(Bloomberg) -- Barclays Plc mistakenly revealed client names and trading information to the German Finance Agency earlier this year.
In an email to affected customers last week, the bank blamed “human error” for compromising their confidentiality after it sent the wrong file to the German debt agency in February, according to people briefed on the matter, who asked not to be identified because the communications were private. The trade data, which concerned transactions in January, is sent every month and client information is supposed to be kept anonymous, the people said.
Alexandra Beust, chief spokeswoman for the German agency, confirmed the incident and said the organization immediately alerted Barclays and deleted the data. The agency doesn’t see the need to change its procedures based on a one-time event, Beust said. A spokesman for Barclays in London declined to comment.
“This was some client information that went to a regulator, this was not the core data systems of the bank being breached,” Chief Executive Officer Jes Staley said when asked about the incident on a call with reporters on Friday after the bank announced earnings.

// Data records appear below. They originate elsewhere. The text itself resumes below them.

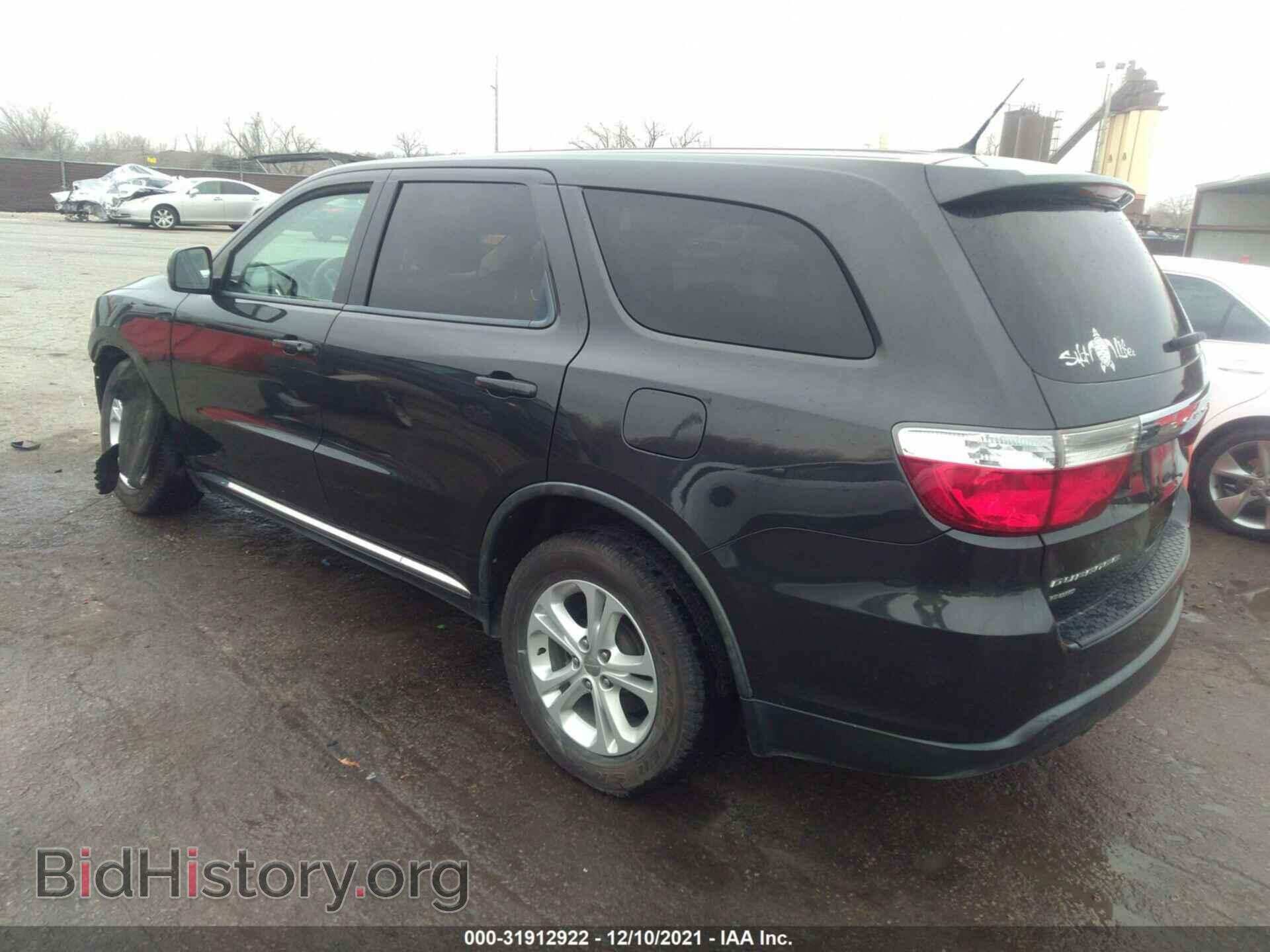 2011 DODGE DURANGO - VIN: 1D4RE2GG4BC617249 - Фото 3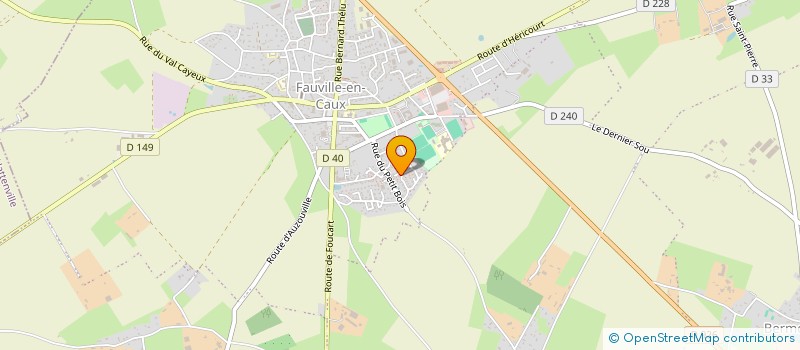 localisation de l'entreprise 848 722 153   LES HAUTS-DE-CAUX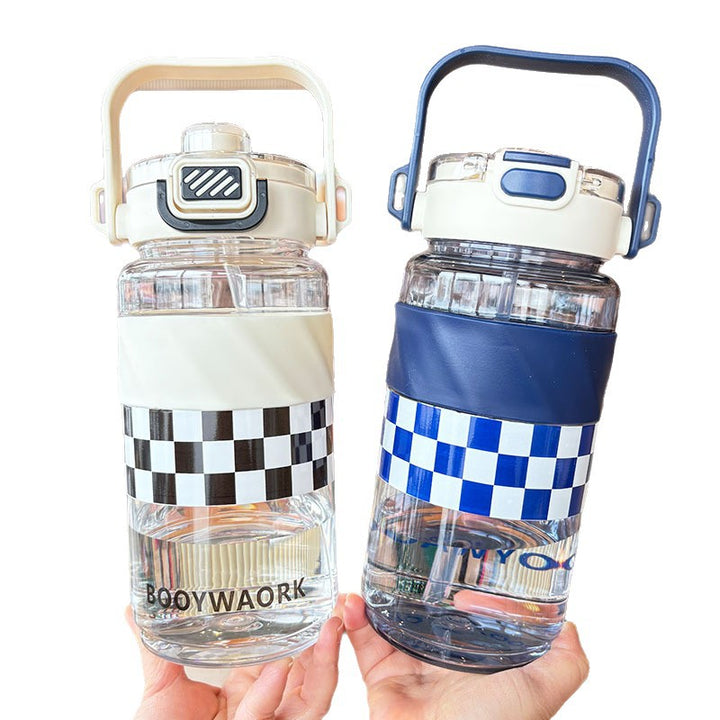 Damen große praktische Trinkflasche Karnz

The incident is a blow to Barclays’ reputation because client confidentiality is sacrosanct in the investment banking and trading businesses. Human error is a threat to bank’s data security as firms also try to protect against cyber attacks and wrongdoing like employee thefts.

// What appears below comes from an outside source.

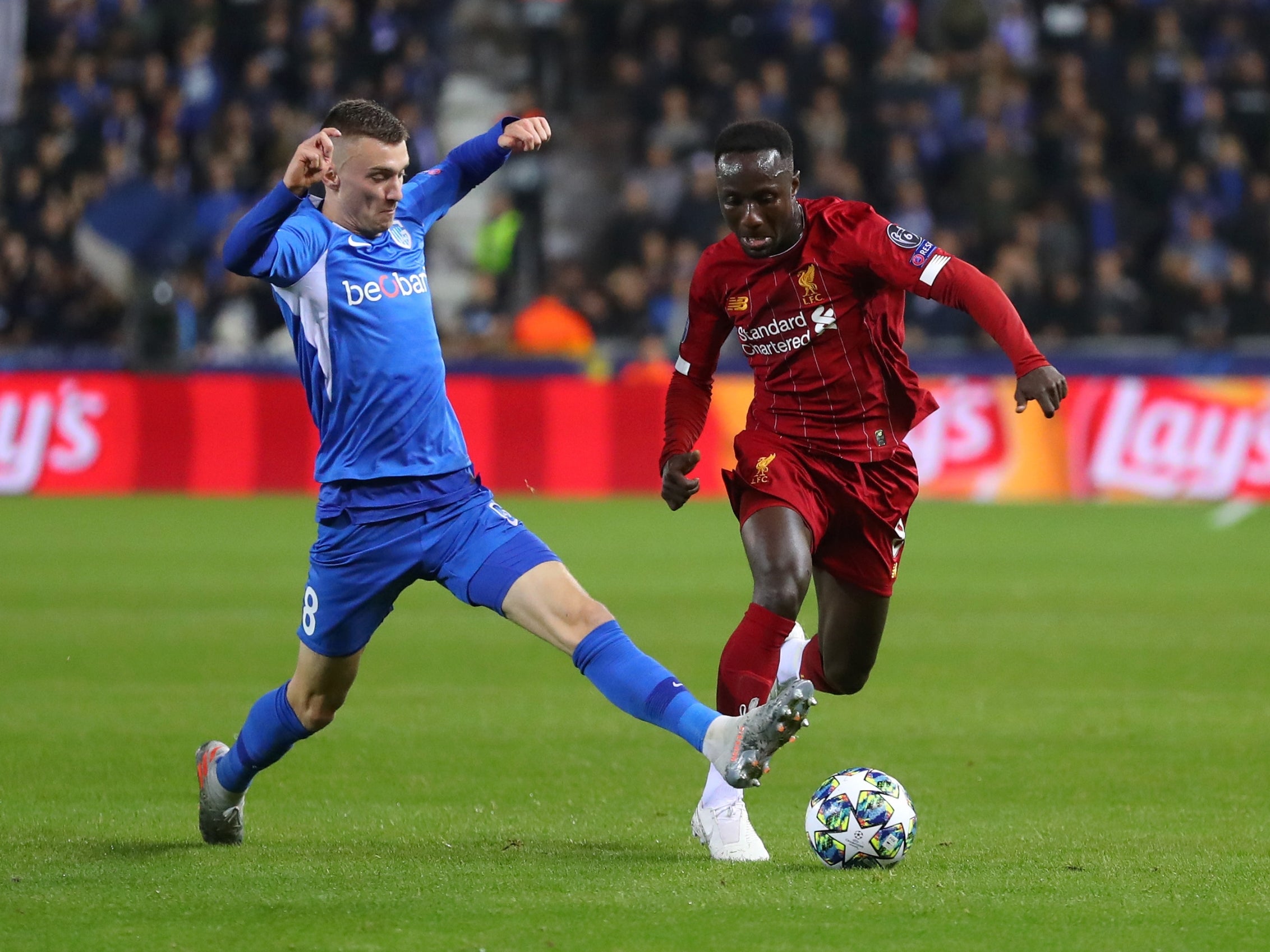 Naby Keita provided plenty of energy in midfield (Getty Images)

Wells Fargo & Co. is facing questions from U.S. financial watchdogs after mistakenly providing wealthy customers’ data to an attorney as part of a lawsuit, Bloomberg News reported this month.
London-based Barclays has been under fire for other compliance issues this year, most notably when CEO Staley had to apologize to shareholders in May for trying to unmask a whistle-blower in contravention of the bank’s rules guaranteeing anonymity. He and other executives are currently being interviewed by the U.K. Financial Conduct Authority and could face penalties ranging from a fine to losing his job.

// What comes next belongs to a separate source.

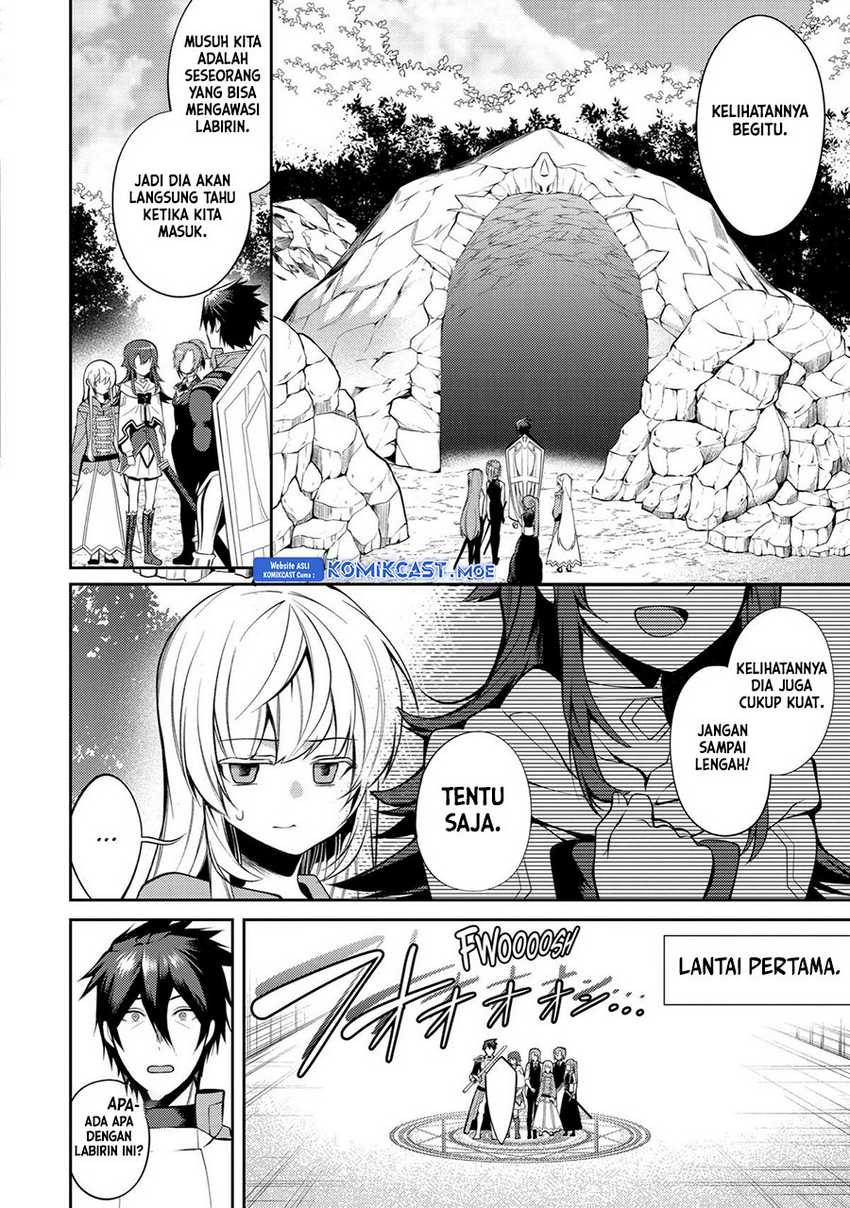 The Labyrinth Raids of the Ultimate Tank ~The Tank Possessing a Rare 9,999 Endurance Skill was Expelled from the Hero Party~ Chapter 27 page 14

Barclays has pledged to spend billions of pounds to digitize and automate its processes to cut costs, reduce human error and make it harder for market-rigging scandals to re-occur.
“We continue to invest very heavily in our compliance function and controls framework, and feel very, very good about the progress there and improvements we’ve made,” Finance Director Tushar Morzaria said in response to questions about whether the bank was tightening its procedures after the incident.
Barclays was the ninth-biggest dealer of German government securities in the first half of the year, according to the German Finance Agency’s website. A primary dealer buys sovereign bonds from the state in auctions and sells them on to other investors.